§ **TASK REQUIREMENTS**
After finding the line with "The Xiaomi Mix" in the entries below, retype exactly each line from there through the line with "Pro tip: the", including that final line.

THE DATA: Begin

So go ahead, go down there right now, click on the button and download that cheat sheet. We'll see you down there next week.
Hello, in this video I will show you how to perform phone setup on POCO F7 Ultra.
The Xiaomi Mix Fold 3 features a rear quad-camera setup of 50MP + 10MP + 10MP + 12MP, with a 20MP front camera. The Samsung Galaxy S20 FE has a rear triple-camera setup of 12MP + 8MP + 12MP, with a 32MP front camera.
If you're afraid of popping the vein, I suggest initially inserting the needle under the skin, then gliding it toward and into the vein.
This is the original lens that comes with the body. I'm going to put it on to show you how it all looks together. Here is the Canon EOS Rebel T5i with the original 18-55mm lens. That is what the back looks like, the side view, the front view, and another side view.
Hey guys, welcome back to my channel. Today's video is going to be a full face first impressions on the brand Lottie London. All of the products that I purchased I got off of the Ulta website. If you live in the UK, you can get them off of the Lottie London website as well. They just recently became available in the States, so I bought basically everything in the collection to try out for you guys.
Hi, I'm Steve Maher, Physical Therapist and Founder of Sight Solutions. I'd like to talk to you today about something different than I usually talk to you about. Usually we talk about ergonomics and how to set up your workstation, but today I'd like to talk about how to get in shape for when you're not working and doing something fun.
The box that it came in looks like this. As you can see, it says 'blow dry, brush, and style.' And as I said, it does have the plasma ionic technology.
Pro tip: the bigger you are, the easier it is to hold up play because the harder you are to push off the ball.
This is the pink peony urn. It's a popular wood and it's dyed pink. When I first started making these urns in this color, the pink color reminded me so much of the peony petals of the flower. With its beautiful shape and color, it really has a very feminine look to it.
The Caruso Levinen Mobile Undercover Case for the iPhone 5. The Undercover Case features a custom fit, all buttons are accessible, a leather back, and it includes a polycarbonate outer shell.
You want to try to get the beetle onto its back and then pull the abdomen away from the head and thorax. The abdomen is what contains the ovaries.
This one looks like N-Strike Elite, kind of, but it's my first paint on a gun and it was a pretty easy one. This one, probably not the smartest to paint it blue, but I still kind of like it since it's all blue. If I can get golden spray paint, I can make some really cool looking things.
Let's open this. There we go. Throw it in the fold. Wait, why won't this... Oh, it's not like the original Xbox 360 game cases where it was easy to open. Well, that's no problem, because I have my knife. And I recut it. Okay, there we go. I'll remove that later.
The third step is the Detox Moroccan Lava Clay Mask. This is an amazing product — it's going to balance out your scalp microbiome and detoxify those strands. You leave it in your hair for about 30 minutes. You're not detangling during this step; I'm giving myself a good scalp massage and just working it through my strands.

THE DATA: End

§ **EXERCISE RESULT**
The Xiaomi Mix Fold 3 features a rear quad-camera setup of 50MP + 10MP + 10MP + 12MP, with a 20MP front camera. The Samsung Galaxy S20 FE has a rear triple-camera setup of 12MP + 8MP + 12MP, with a 32MP front camera.
If you're afraid of popping the vein, I suggest initially inserting the needle under the skin, then gliding it toward and into the vein.
This is the original lens that comes with the body. I'm going to put it on to show you how it all looks together. Here is the Canon EOS Rebel T5i with the original 18-55mm lens. That is what the back looks like, the side view, the front view, and another side view.
Hey guys, welcome back to my channel. Today's video is going to be a full face first impressions on the brand Lottie London. All of the products that I purchased I got off of the Ulta website. If you live in the UK, you can get them off of the Lottie London website as well. They just recently became available in the States, so I bought basically everything in the collection to try out for you guys.
Hi, I'm Steve Maher, Physical Therapist and Founder of Sight Solutions. I'd like to talk to you today about something different than I usually talk to you about. Usually we talk about ergonomics and how to set up your workstation, but today I'd like to talk about how to get in shape for when you're not working and doing something fun.
The box that it came in looks like this. As you can see, it says 'blow dry, brush, and style.' And as I said, it does have the plasma ionic technology.
Pro tip: the bigger you are, the easier it is to hold up play because the harder you are to push off the ball.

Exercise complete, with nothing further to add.